Type out the complete listing below word for word, without its pictures.
══ Data for review
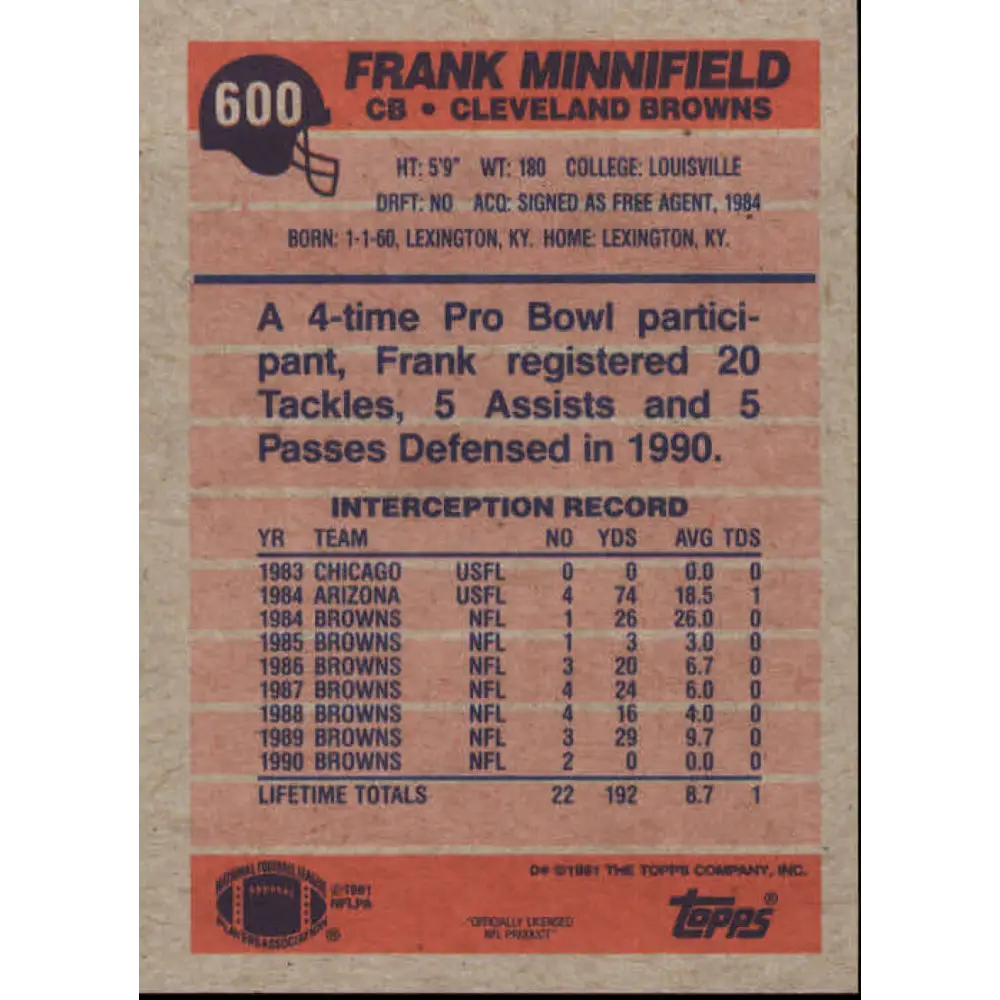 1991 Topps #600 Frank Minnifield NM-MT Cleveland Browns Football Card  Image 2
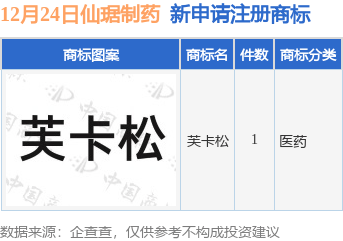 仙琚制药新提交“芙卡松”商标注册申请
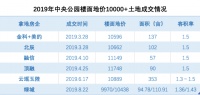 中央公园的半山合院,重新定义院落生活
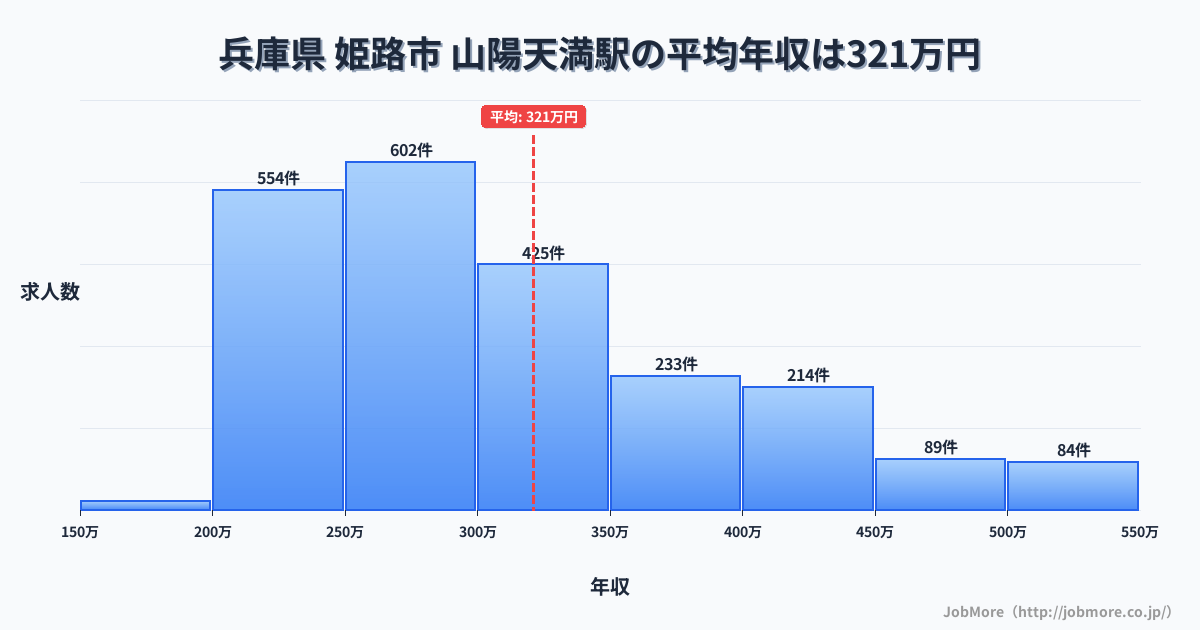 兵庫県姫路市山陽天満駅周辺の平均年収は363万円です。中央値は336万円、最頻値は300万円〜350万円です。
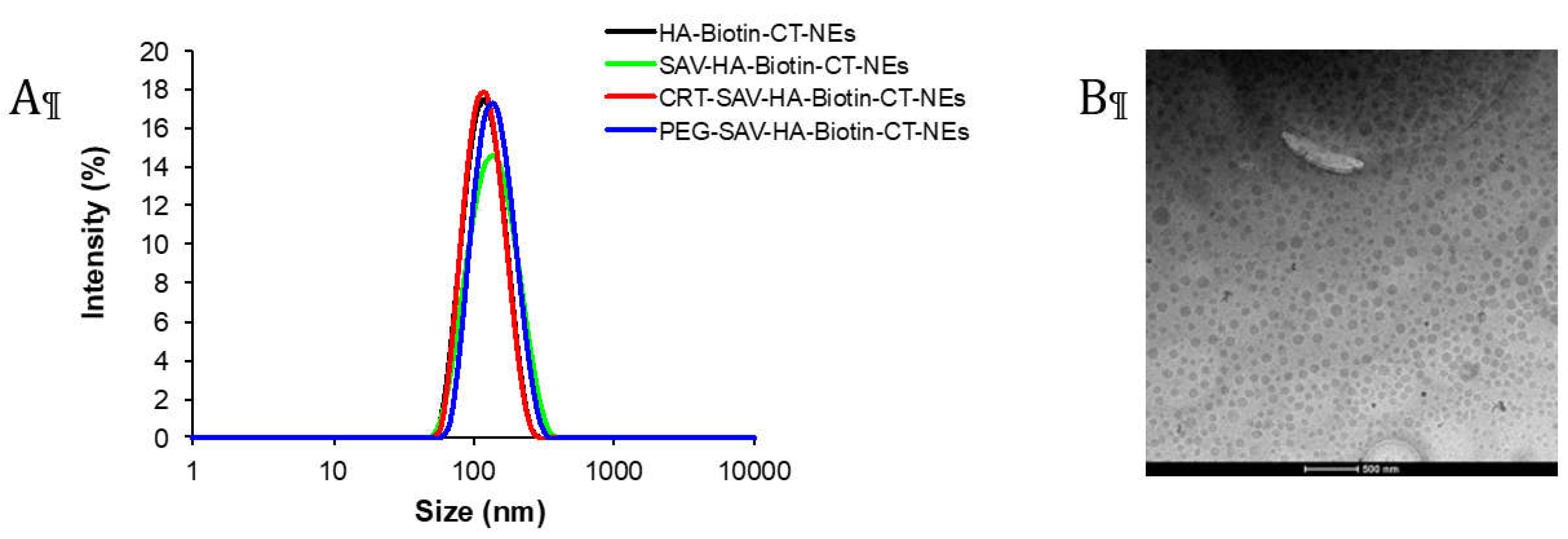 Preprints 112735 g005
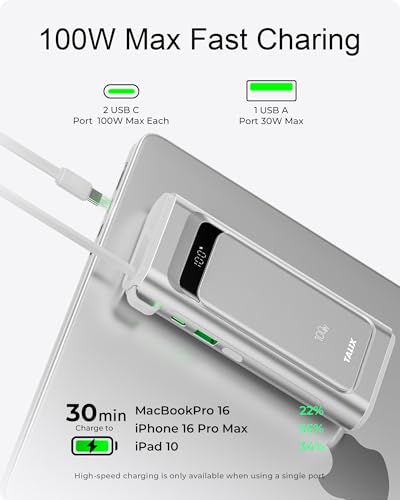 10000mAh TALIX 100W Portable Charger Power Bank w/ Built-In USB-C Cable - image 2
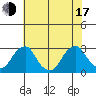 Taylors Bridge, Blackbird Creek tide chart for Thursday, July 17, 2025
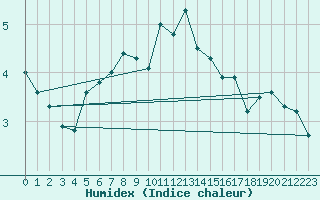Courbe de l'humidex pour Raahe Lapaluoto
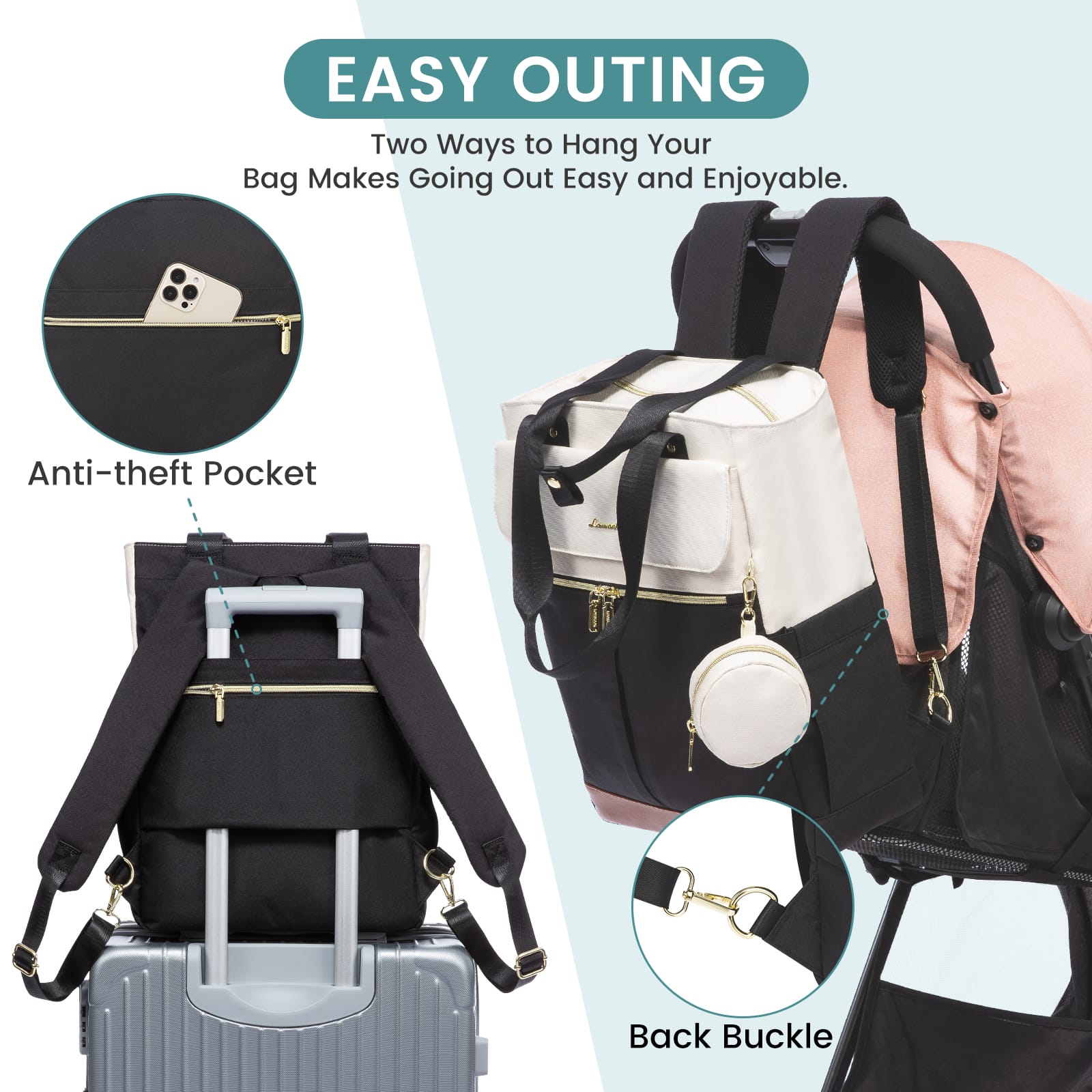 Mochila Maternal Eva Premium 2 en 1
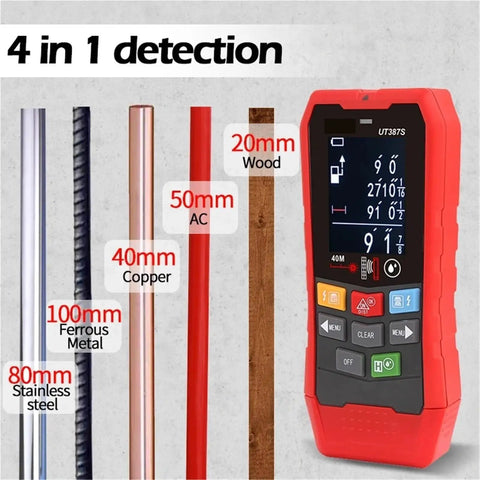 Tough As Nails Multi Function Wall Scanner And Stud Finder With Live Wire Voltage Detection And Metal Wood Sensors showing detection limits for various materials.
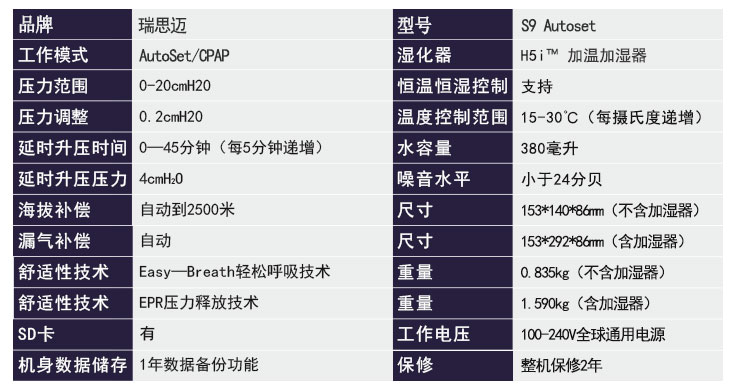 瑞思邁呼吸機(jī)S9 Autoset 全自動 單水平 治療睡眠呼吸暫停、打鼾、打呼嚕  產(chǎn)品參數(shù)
════
— Exercise output —
 1991 Topps #600 Frank Minnifield NM-MT Cleveland Browns Football Card  Image 2
 仙琚制药新提交“芙卡松”商标注册申请
 中央公园的半山合院,重新定义院落生活
 兵庫県姫路市山陽天満駅周辺の平均年収は363万円です。中央値は336万円、最頻値は300万円〜350万円です。
 Preprints 112735 g005
 10000mAh TALIX 100W Portable Charger Power Bank w/ Built-In USB-C Cable - image 2
 Taylors Bridge, Blackbird Creek tide chart for Thursday, July 17, 2025
Courbe de l'humidex pour Raahe Lapaluoto
 Mochila Maternal Eva Premium 2 en 1
 Tough As Nails Multi Function Wall Scanner And Stud Finder With Live Wire Voltage Detection And Metal Wood Sensors showing detection limits for various materials.
 瑞思邁呼吸機(jī)S9 Autoset 全自動 單水平 治療睡眠呼吸暫停、打鼾、打呼嚕  產(chǎn)品參數(shù)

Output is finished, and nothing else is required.